(First in a series)

Jesus’ Chapel

When new parishioners and guests come to Holy Family Parish, they’ll see what appears to be a small church in the main parking lot.  Known as the Divine Mercy Adoration Chapel, Jesus is physically present in the exposed Eucharist and perpetually adored by at least one member of His faithful, 24 hours a day, 7 days a week.

Tuesday, May 21, 2019 is the official day Holy Family celebrates 25 years of its Perpetual Eucharistic Adoration ministry. People of all ages are welcome to visit the Chapel whenever they wish to feel closer to our Lord. No appointment is necessary, and the entrance code is available by calling the Holy Family office.

Stay for a few minutes, or a few hours, any time, day or night. You won’t be alone, there will always be a minister there to silently pray along with you. And if the Spirit moves you to become one of the designated hourly ministers on a more regular basis, contact the ministry from their web page on the Holy Family web site:  http://www.holyfamilyorlando.com/perpetual-eucharistic-adoration/

The ”Mustard Seed” Approach: Start Small, Persevere and Grow

Like the Catholic Church itself, Holy Family’s Adoration program started small, then grew through faith, perseverance and hard work. The biggest challenge at each stage, of course, was assuring that adorers of the Blessed Sacrament were physically present during adoration hours.

When parishioners began requesting adoration of the Blessed Sacrament in the late 1980s, the initial call was for a “First Friday” adoration from end of morning Mass until noon. Once the initial program founders proved they could adequately cover the morning hours, then-pastor Father Joseph Harte expanded adoration in 1991 to overnight on First Fridays for the intention of Respect Life. “He said you have to bring me proof that the Blessed Sacrament will not be left alone for any of the night hours,” said parishioner Carol LaRosa, one of the initial program founders.  LaRosa and fellow parishioner Virginia Leopold created sign-up sheets seeking at least two people for each hour. The parish responded with more than enough commitments, and phase two began.

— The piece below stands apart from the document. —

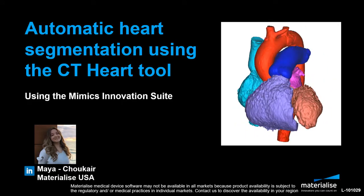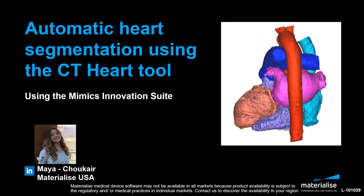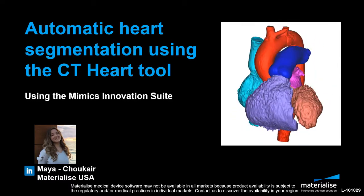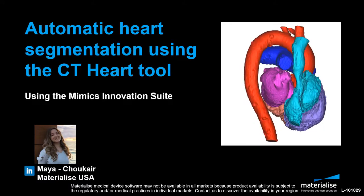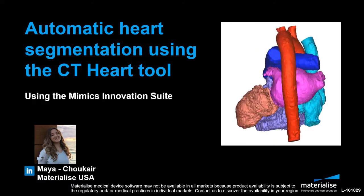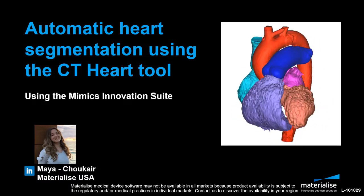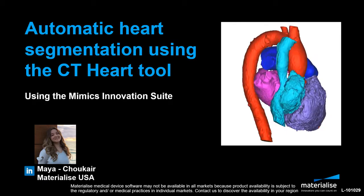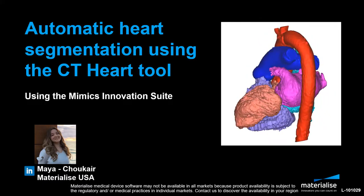Using the CT heart tool in Mimics will hopefully help you increase your productivity, leaving you more time for analysis, design, 3D printing, or whatever you typically do in your workflow after segmentation.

The ensuing success, and LaRosa’s experience with perpetual adoration during a vacation in South Florida, emboldened a parish-wide push for expanding the program in the early 1990s. As with the phases one and two of the program, the proponents needed to assure there would be sufficient commitment for phase three, 24/7 perpetual adoration, a daunting logistical challenge indeed. One hour a week, for example, would require 168 people at a minimum.

Initiating a parish-wide education process, Holy Family’s program leaders constructed the framework for Perpetual Adoration: Quarter-Day Block Captains (LaRosa, Anna Long, Marlyne Mauro and Karen Walls) and commitments by designated hourly and back-up volunteers. Once again, Holy Family rose to the challenge, with positive responses from more than 700 parishioners. Thus, in 1994, with the blessing of then-pastor Father William Ennis, Perpetual Eucharistic Adoration at Holy Family was born.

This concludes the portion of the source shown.